In [47]:
from pathlib import Path
import pandas as pd

In [48]:
schools_file = Path("Resources/schools_complete.csv")
students_file = Path("Resources/students_complete.csv")

schools_df = pd.read_csv(schools_file)
students_df = pd.read_csv(students_file)

full_school_df = pd.merge(students_df, schools_df, how="left", on=["school_name", "school_name"])
full_school_df.head() 

Unnamed: 0,Student ID,student_name,gender,year,school_name,reading_score,maths_score,School ID,type,size,budget
0,0,Paul Bradley,M,9,Huang High School,96,94,0,Government,2917,1910635
1,1,Victor Smith,M,12,Huang High School,90,43,0,Government,2917,1910635
2,2,Kevin Rodriguez,M,12,Huang High School,41,76,0,Government,2917,1910635
3,3,Richard Scott,M,12,Huang High School,89,86,0,Government,2917,1910635
4,4,Bonnie Ray,F,9,Huang High School,87,69,0,Government,2917,1910635


In [49]:
#counts number of unique entries in the school name column
total_unique_schools = full_school_df["school_name"].nunique()

#gives the total number of students 
total_students = len(full_school_df["student_name"])

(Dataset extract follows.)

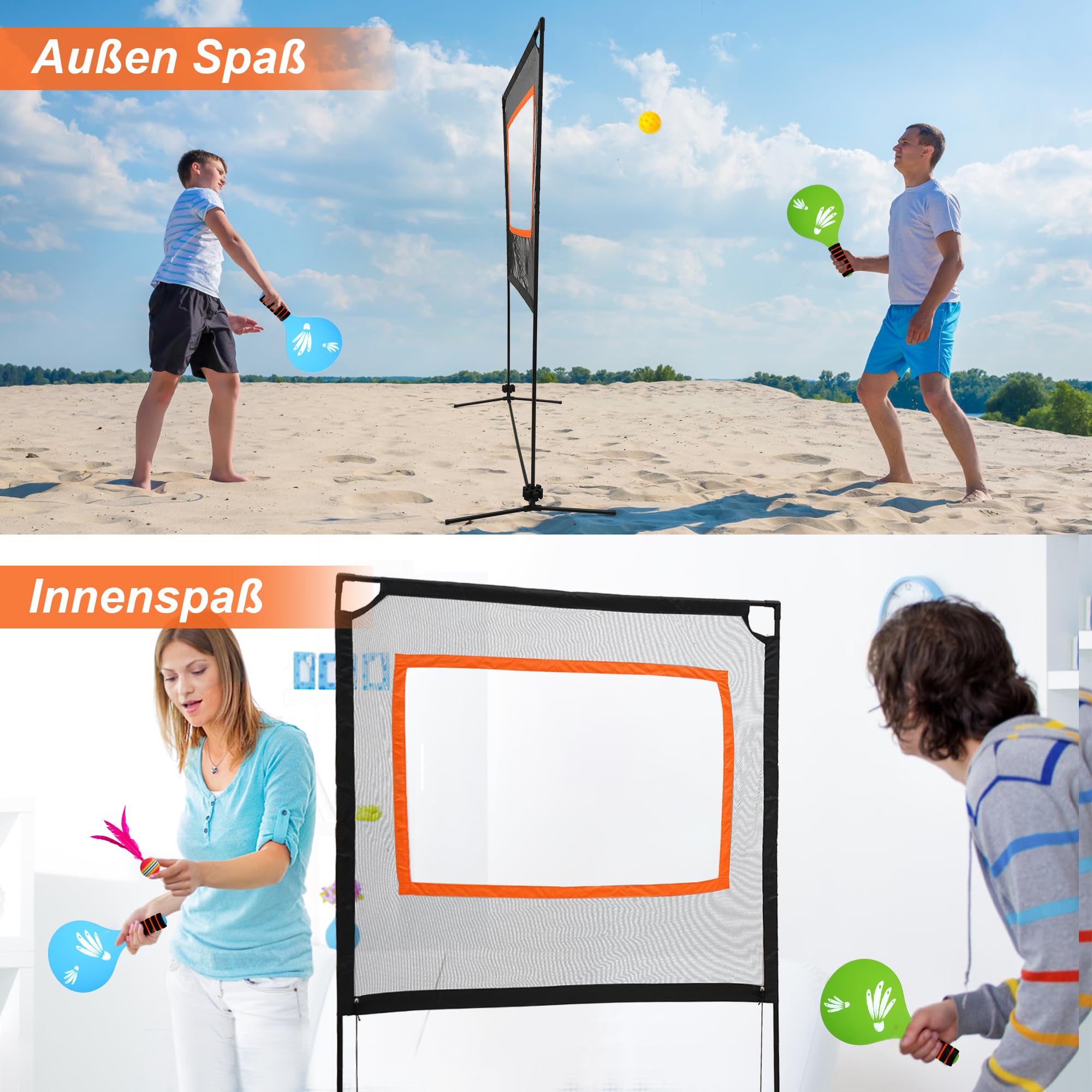 uyoyous Pickleball Netz Sets, Tragbares Badminton-Set mit 2 Schläger, Mehrere Cricket-Sportarten, Mehrfachfunktion Tennisnetz mit Handtasche, Für Parks, Hof, Training, Outdoor, Strand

#sus budget column of the schools DataFrame- I have not used the full dataframe since it would be more complicated code
total_budget = schools_df["budget"].sum()

#gives the mean of the maths score
average_maths_score = full_school_df["maths_score"].mean()

#gives the mean of the reading score
average_reading_score = full_school_df["reading_score"].mean()

#gives a list of all students who are passing maths
passing_maths = full_school_df.loc[full_school_df["maths_score"] >= 50, :]

#calculate the percentage of students passing maths
percent_passing_maths = (len(passing_maths)/total_students)*100

#gives a list of all students who are passing reading
passing_reading = full_school_df.loc[full_school_df["reading_score"] >= 50, :]

#calculate the percentage of students passing reading
percent_passing_reading = (len(passing_reading)/total_students)*100

#gives a list of all students who are passing maths and reading
passing_students = full_school_df.loc[(full_school_df["maths_score"] >= 50) & (full_school_df["reading_score"] >= 50), :]

#calculates the percentage of students passing
percent_passing = ((len(passing_students)/total_students)*100)

lga_summary = pd.DataFrame([{"Total Schools": total_unique_schools, "Total Students": total_students, "Total Budget": total_budget,
                             "Average Maths Score": average_maths_score, "Average Reading Score": average_reading_score, "% Passing Maths": percent_passing_maths,
                             "& Passing Reading": percent_passing_reading, "% Overall Passing": percent_passing}])

#formatting summary df
lga_summary["Total Students"] = lga_summary["Total Students"].map("{:,}".format)
lga_summary["Total Budget"] = lga_summary["Total Budget"].map("${:,.2f}".format)
lga_summary.head()

Unnamed: 0,Total Schools,Total Students,Total Budget,Average Maths Score,Average Reading Score,% Passing Maths,& Passing Reading,% Overall Passing
0,15,39170,"$24,649,428.00",70.338192,69.980138,86.078632,84.426857,72.808272


In [75]:
#we base this table off the schools .csv as it already contains some of the data we want in the right format
school_summary_df = schools_df[["school_name", "type", "size", "budget"]].sort_values("school_name")
#school_summary_df = school_summary_df.set_index("school_name")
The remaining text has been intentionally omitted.